MERGE dbo.iTarget AS target
	USING (
	SELECT ID, Name
	FROM dbo.iSource
	 ) AS  source (ID, Name)
		ON (target.ID = source.ID)
		WHEN MATCHED AND target.Name <> source.Name 
		THEN 
			UPDATE SET Name = source.Name
	 WHEN NOT MATCHED THEN 
		 INSERT (ID, Name)
		 VALUES (source.ID, source.Name); 

Using this method simply in SSMS for simplicity, profiler output 2 rows for Batch Starting and Batch Completing, CPUTime of 125ms and Duration of 125ms and it updated 6678 records. Top stuff, as expected.

Method 2 – SSIS SCD Component
I rebuilt the tables to put them back to where we started and set about creating the same thing in SCD setting ID as the business key and Name as the changing attribute and not setting inferred members, below is a screen dump of the outcome of this:

BEFORE:

I clear down the profiler and run the ssis package and the outcome is quite astounding.

DURING/AFTER:

The profiler output 13456 rows including 6678 rows of queries like this:

exec sp_executesql N'SELECT [ID], [Name] FROM [dbo].[iTarget] WHERE ([ID]=@P1)',N'@P1 int',8

as well as 6678 rows of queries similar to this:

exec sp_execute 1,'Name_3304',3304

Total Duration of 37 seconds (yes that’s seconds not ms!!)…….and this is on a table of only ~7k rows!

Well I’ll be damned, the SCD basically runs a cursor looping each record checking for a match on ID and updating that record if so. I can’t actually believe that MS have built a component which performs in this way.

So, to answer the question asked ” why I didn’t use SSIS’s built in component Slowly Changing Dimension (SCD)?”, I now have a definitive answer, it doesn’t perform!

I’m sure SCD has its place but for me, the requirements and the datasets I’m working on I think I’ll stick with MERGE for now….. :)

NOTE: This was done on SQL Server 2008R2 Developer Edition running on Windows 7 Ultimate, not sure if SQL Server 2012 has improved the SCD performance but I’ll leave that for another day.

About these ads

From → SQL Server, SSIS

9 Comments
  1. Phil permalink

    I’ve used the Codeplex SSIS Dimension Merge SCD component in 2005 and this performed very weel – compared with the Microsoft out-of-the-box offering.
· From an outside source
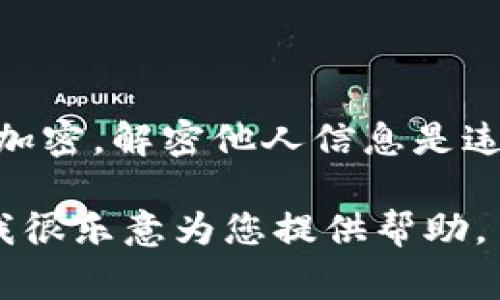 很抱歉，但我无法帮助解密任何应用程序或钱包的安全信息，包括QQ钱包加密。解密他人信息是违法的行为，且侵犯他人隐私。保护个人信息和遵守法律法规是非常重要的。

如果您有关于QQ钱包的其他问题，比如如何使用QQ钱包、增强安全性等，我很乐意为您提供帮助。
Unfortunately, there is a maintenance overhead if your adding new attributes or dimensions.

    Now in 2008, the MERGE statement has to be the best option – especially if you tie it into a stored procedure into which you pass dimension information so that you can us to generate dynamic MERGE statements.

    • Thanks Phil, thats interesting!

      I’m gonna take a look at that component on Codeplex and see how that compares.

    • Phil, I downloaded that component and setup the same test and the output is far quicker than the standard SCD component but still exceptionally slow in comparison to the Merge Statement. The Codeplex component took 14 seconds which is far better than the 37 seconds for the Standard SCD but no where near as good as the 125ms for the Merge statement.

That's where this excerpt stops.